It’s been challenging to say the least,” Drake White told Music Mayhem and other media outlets.  

During a show in August 2019, White experienced the unthinkable. He collapsed on stage due to a hemorrhagic stroke that turned his world upside down. At 36 years old, he had to relearn how to walk again and regain the use of his left side. During his recovery, he had a lot of time to sit and write. The result of this difficult time is his second studio album, The Optimysticwhich gives proof that it’s possible to overcome any odds against you.

This is just what White did when he was told by doctors that he may never perform again, the worst thing an artist can hear. The stroke occurred because of a previously diagnosed brain condition known as Arteriovenous Malformation (AVM). After having to undergo multiple procedures and months of intensive physiotherapy to get to where he is now, White is not only releasing a new album, but he has also announced the continuation of his headline, The Optimistic Tour, in the spring.

I’ve had to keep a good sense of humor about it because of all the things that have come our way and all the obstacles that we’ve had to jump through,” he explained. “It’s been a life changing perspective shift for sure. I was always an optimistic dude, but this was the test. You don’t really know if you’re optimistic until you go through something that you have to battle.”

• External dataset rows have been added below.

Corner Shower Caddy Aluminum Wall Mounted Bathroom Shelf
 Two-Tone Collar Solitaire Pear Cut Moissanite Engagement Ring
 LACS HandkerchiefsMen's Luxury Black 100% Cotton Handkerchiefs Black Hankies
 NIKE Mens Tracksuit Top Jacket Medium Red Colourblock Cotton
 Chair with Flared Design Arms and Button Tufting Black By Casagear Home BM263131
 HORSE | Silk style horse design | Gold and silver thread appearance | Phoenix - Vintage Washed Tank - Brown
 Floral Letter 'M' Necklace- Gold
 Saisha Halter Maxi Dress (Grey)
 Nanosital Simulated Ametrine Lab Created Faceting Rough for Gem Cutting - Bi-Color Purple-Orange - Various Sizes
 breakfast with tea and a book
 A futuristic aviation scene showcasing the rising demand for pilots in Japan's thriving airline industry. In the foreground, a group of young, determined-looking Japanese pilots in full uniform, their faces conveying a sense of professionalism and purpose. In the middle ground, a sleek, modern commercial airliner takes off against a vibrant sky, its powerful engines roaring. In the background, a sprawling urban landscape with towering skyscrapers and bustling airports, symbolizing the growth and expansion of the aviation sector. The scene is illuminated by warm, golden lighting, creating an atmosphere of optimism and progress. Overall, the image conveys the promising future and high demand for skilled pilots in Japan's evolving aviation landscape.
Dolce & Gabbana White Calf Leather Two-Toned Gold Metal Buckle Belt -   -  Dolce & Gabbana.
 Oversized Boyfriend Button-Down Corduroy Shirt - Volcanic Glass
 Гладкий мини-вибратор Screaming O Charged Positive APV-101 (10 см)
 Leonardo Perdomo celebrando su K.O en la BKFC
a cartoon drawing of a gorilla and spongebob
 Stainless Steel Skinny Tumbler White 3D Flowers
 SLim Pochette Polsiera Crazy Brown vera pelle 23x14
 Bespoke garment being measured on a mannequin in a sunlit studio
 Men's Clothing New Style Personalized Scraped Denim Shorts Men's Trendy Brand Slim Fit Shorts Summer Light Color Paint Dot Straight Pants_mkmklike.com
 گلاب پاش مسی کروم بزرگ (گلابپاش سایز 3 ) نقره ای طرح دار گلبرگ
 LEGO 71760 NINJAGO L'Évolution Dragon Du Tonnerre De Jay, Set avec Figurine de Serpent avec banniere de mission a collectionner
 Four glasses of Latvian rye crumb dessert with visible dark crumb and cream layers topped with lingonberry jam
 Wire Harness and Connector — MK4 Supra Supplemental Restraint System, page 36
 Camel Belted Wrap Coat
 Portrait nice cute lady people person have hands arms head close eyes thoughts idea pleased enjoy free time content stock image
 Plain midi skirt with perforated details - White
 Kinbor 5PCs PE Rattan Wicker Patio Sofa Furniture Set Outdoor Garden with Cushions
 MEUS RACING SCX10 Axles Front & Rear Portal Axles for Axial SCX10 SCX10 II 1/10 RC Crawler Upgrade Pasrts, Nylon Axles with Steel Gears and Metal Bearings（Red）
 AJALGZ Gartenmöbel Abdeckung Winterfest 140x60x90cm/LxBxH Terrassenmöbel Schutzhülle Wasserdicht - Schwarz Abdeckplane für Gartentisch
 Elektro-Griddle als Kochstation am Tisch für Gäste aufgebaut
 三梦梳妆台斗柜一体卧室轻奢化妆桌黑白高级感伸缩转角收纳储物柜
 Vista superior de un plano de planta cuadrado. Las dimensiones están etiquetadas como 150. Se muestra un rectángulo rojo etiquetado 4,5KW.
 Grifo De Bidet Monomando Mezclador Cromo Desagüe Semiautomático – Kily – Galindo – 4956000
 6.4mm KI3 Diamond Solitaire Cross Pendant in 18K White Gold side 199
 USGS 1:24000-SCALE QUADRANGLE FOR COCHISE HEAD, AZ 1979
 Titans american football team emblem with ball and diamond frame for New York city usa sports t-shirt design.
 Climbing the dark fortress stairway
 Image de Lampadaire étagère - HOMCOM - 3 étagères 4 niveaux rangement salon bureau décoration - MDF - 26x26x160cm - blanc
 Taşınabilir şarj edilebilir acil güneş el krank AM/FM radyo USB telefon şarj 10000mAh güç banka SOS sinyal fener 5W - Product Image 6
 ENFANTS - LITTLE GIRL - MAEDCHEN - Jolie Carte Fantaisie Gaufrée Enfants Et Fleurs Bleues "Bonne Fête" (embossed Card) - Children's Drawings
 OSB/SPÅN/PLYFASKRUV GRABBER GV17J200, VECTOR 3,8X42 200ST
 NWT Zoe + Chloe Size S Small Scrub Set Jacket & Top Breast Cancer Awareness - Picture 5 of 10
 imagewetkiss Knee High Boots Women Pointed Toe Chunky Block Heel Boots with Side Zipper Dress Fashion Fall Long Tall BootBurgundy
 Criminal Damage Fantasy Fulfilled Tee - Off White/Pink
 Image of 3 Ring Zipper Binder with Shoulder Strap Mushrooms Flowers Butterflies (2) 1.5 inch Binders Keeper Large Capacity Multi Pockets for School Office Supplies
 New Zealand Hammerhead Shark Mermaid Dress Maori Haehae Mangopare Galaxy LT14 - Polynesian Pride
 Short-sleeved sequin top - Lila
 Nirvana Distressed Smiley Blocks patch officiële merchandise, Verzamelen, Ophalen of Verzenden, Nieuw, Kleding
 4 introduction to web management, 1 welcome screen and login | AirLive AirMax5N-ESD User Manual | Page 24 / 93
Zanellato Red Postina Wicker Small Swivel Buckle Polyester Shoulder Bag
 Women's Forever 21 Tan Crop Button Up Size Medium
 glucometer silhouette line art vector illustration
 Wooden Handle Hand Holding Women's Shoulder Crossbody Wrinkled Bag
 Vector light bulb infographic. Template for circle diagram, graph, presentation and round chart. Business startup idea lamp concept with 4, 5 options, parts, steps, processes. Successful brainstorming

White found his true optimism through this journey and he channeled all that energy of fear and uncertainties into this project. He recalled not being able to feel his left toes, yet the only thing on his mind was writing music. He found healing through his songwriting.

All I wanted to do is write about the experience so I could share it with my fans and put it into music. That lets you know really quick that I didn’t think of dying. I didn’t think of not being able to walk. I didn’t think of, ‘Oh, I’m not sure about kids’ or ‘I’m not sure about my future family.’ I thought, ‘where’s my pen at and how can I get this on paper?’”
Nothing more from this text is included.